**Exercise data**.
- - - - -

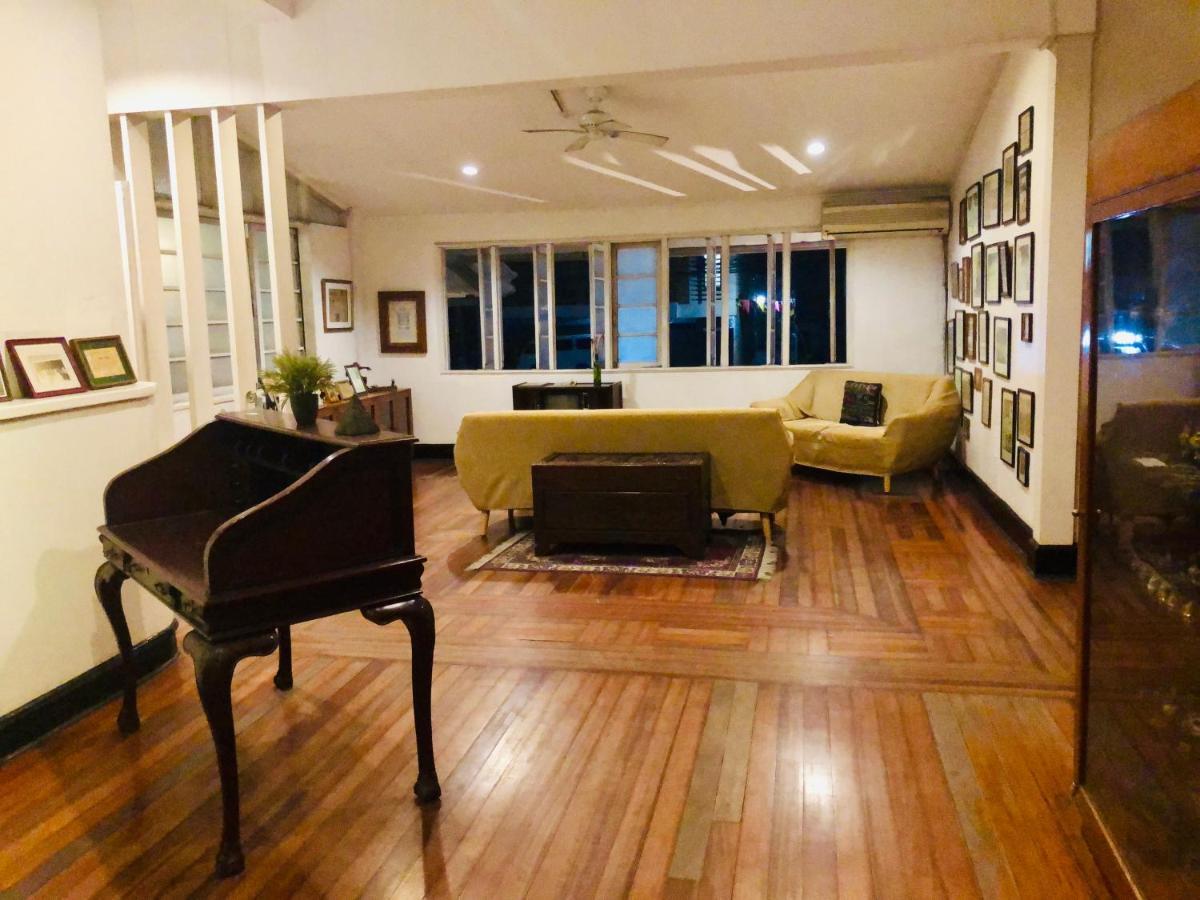 The White Bed And Breakfast Bacolod Exteriér fotografie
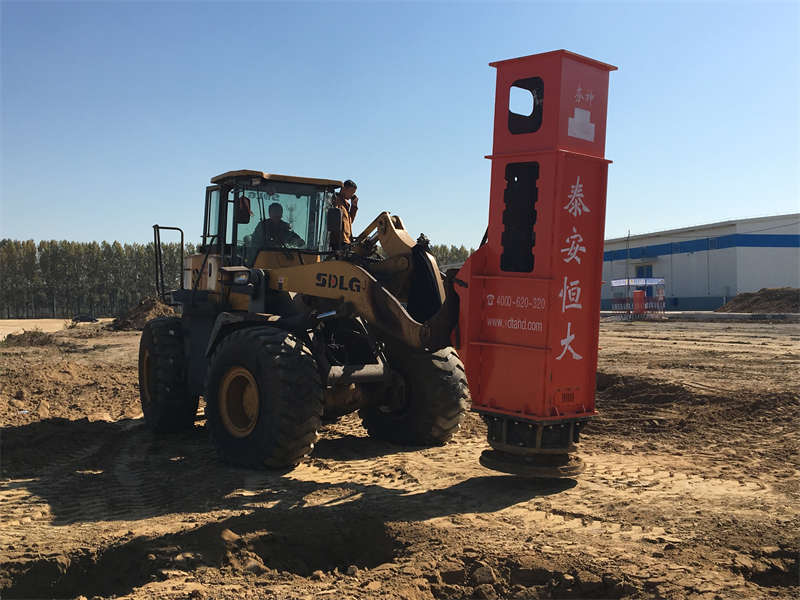 HC36 fast hydraulic compactor mounted on loader to move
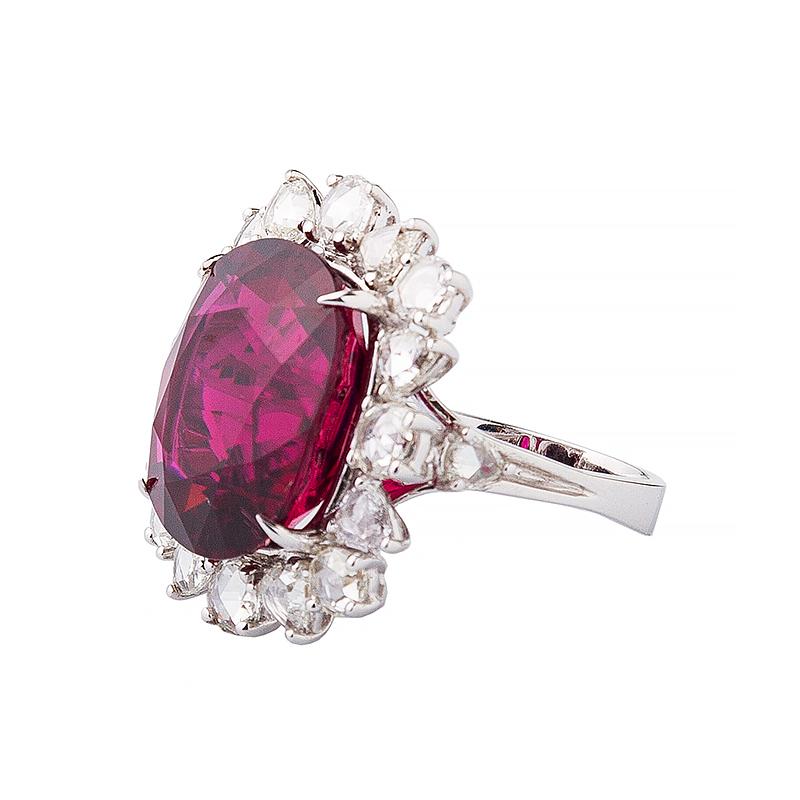 Modern 18 Karat Gold Handcrafted Oval Rubellite Diamond Ring For Sale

- - - - -

**What needs to be done**. Could the listing above be printed again in full, with every picture omitted?

**Written solution**.
 The White Bed And Breakfast Bacolod Exteriér fotografie
 HC36 fast hydraulic compactor mounted on loader to move
 Modern 18 Karat Gold Handcrafted Oval Rubellite Diamond Ring For Sale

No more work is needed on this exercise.